The first additional
protocol to the Geneva Conventions also imposes a duty on armies to
"take all feasible precautions in the choice of means and methods
of attack with a view to avoiding, and in any event minimizing, incidental
loss of civilian life."
Even as US troops
began removing cluster bombs, other units across the city to the west,
in Kadhmiya, enlisted Iraqi help as they cleared a palm grove in a residential
area of piles of unexploded ordnance.
Residents had
marked off the area with string, and hung signs that read: "Danger:
Cluster bombs." There were none found here but when the Bravo Company
of the US Army 317th Engineer Combat Battalion arrived Tuesday morning,
they had no shortage of Iraqi volunteers to load up unused Iraqi grenades,
mortar and tank rounds, and bullets.
For many of
the Iraqis, the hauling of the explosives to a collection point three
miles north of the airport was a first step toward normality. "The
Americans are helping us - this is a major concern for this neighborhood,"
says Salam Hamid, a merchant and former Iraqi Army officer who directed
his neighbors to help US troops load ammunition boxes onto trucks. "The
two most important things are peace and security. Definitely this is
a boost."
Another signal
that things were slowly getting back to normal were the street lights
in the next neighborhood, which flickered on for the first time on Monday.
"I felt so relieved, because this will help with security,"
says Mr. Hamid. "We want to go back to our safe society, and leave
behind our past."
US Army engineers
say their commanders met Tuesday with Iraqi municipal power officials,
to begin restoring electricity. Getting schools and hospitals up and
running are also a priority, they say - once classrooms are cleared
of ordnance.
Iraqi civilians
"are very helpful, and normally tell us of two or three other places
[where munitions can be found] before we can finish the first. They
are very scared that we are going to leave it, or blow it up in place,"

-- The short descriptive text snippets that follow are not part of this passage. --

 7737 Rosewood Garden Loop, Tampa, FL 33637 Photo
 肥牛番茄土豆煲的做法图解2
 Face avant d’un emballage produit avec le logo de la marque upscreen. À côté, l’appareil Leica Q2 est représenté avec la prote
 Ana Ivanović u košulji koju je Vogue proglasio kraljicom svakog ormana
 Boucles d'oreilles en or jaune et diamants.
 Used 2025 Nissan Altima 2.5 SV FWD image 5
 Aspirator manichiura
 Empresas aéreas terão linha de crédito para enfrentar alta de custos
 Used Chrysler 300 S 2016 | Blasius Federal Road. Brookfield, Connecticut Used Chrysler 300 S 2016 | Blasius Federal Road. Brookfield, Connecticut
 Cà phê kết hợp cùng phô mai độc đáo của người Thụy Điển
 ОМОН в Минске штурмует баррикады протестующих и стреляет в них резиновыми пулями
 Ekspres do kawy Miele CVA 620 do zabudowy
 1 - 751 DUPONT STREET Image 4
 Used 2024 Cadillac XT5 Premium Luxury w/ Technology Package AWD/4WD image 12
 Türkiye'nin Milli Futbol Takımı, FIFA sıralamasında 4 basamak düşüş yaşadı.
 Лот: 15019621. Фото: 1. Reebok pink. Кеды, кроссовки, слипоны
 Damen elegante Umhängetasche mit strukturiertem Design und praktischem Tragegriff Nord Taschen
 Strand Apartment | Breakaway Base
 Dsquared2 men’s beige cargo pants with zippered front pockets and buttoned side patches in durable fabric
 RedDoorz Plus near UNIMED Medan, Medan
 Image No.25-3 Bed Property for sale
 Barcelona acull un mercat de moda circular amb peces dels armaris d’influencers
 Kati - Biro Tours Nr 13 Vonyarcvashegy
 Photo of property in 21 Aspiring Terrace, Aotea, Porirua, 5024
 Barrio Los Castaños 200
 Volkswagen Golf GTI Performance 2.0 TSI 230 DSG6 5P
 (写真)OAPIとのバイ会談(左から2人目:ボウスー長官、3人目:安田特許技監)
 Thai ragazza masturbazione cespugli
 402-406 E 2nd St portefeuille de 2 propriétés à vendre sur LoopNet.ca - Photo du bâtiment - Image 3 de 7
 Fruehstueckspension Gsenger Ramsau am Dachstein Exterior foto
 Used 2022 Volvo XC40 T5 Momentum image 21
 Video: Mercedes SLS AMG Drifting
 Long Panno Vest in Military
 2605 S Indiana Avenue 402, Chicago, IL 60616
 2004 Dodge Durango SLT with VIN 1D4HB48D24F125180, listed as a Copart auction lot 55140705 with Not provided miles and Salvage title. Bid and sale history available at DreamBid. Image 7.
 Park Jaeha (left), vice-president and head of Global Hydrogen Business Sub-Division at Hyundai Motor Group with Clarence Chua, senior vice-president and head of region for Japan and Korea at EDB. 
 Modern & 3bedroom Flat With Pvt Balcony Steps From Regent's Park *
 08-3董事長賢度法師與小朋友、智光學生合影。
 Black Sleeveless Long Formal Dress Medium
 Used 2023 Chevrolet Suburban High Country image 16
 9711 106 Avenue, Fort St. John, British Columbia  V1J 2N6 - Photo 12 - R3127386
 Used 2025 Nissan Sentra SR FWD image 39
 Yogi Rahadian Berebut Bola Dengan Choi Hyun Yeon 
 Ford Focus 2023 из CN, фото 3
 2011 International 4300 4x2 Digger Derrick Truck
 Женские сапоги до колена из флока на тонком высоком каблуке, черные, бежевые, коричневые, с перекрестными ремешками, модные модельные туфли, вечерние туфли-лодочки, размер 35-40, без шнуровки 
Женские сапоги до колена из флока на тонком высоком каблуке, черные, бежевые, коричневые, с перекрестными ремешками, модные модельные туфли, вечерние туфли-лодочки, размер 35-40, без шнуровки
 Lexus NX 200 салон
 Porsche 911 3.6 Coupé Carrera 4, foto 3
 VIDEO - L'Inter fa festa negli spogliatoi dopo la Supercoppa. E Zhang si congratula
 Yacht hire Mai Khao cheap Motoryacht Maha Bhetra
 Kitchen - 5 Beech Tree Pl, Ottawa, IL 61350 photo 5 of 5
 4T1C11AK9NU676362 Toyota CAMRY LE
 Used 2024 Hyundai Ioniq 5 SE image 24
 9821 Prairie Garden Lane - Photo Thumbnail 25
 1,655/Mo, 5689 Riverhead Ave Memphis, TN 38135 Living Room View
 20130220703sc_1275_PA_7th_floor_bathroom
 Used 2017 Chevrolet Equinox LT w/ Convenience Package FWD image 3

says US Army Capt. Doug Brinson.
In other security
measures, American commanders issued a message to the "citizens
of Baghdad" Tuesday, imposing a dusk-to-dawn curfew, and calling
on them to approach military positions with "extreme caution"
so as not to be mistaken for "terrorist or criminal elements."
Otherwise, the
message called on Baghdadis to reestablish "normal daily activity
as we work together to restore public services." The note pleaded
for firemen, medical staff, and police to report to US forces to restore
power and other utilities.
Some Iraqis
say that their "liberation" from the grip of Saddam Hussein,
as the US calls it, has yet to yield any fruit. Asked about any signs
of normalcy returning, student Hassanian Suhail replied: "None
until now."
Like many Iraqis
- who have even fewer sources of news, without electricity and television,
and suffering from a shortage of radio batteries - Mr. Suhail was unaware
that American officials Tuesday hosted a meeting of Iraqi exiles and
community leaders from inside Iraq to work on charting a future government.
"If this
meeting leads to security, we welcome it," Suhail says. "Even
if they come from outside the country," he adds.
Still, most
residents remain without water and electricity, and looters robbed a
bank and conducted gun battles on the streets of Baghdad Tuesday, despite
a lower number of incidents, and occasional patrols by Iraqi police.
"The new
government promises a better future, and we expect it," says Mohamed
Kadhim, a driver. "We don't want to get rid of a government, only
to have it replaced by one that is worse."